◆ DIRECTIONS FOR THIS TASK
What is needed is a word-for-word copy of the listing below, without pictures.

◆ COLLECTED DATA
****************

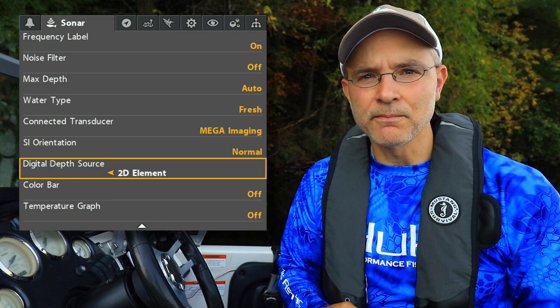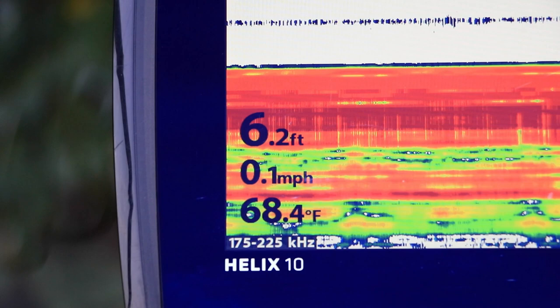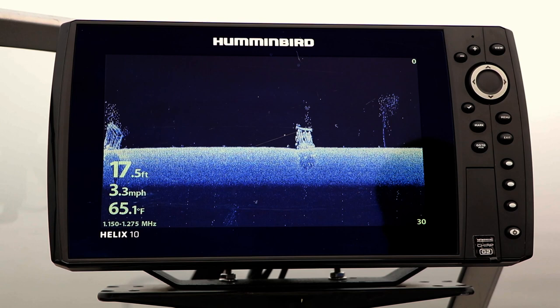On some Helix units, you can use the Digital Depth Source option to choose the sonar beam that provides your digital depth measurement. On most Helix units, the 200 kHz 2D sonar beam provides your digital depth. However, on Helix downimaging units, you can choose between one of two different digital depth options.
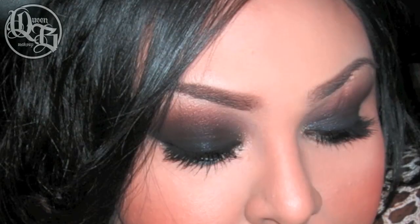Thank you once again for tuning in to Queen Bee Makeup's Sexy Smokey Eye Tutorial. I really hope you like this look. Please rate, comment, and subscribe — see you later. Bye!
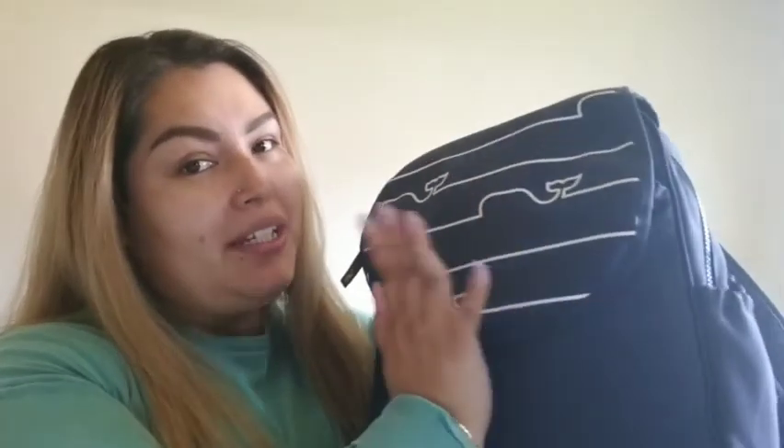Hello guys, welcome back to my channel. My name is Yoneth Candelario for those that don't know, and for those that know me, welcome back. Today's video is going to be a quick video. I'm going to be transferring what's in my current diaper bag into my new backpack that La Cunis got me. Shout out to La Cunis.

****************

◆ ANSWER TO THIS PROBLEM
On some Helix units, you can use the Digital Depth Source option to choose the sonar beam that provides your digital depth measurement. On most Helix units, the 200 kHz 2D sonar beam provides your digital depth. However, on Helix downimaging units, you can choose between one of two different digital depth options.
Thank you once again for tuning in to Queen Bee Makeup's Sexy Smokey Eye Tutorial. I really hope you like this look. Please rate, comment, and subscribe — see you later. Bye!
Hello guys, welcome back to my channel. My name is Yoneth Candelario for those that don't know, and for those that know me, welcome back. Today's video is going to be a quick video. I'm going to be transferring what's in my current diaper bag into my new backpack that La Cunis got me. Shout out to La Cunis.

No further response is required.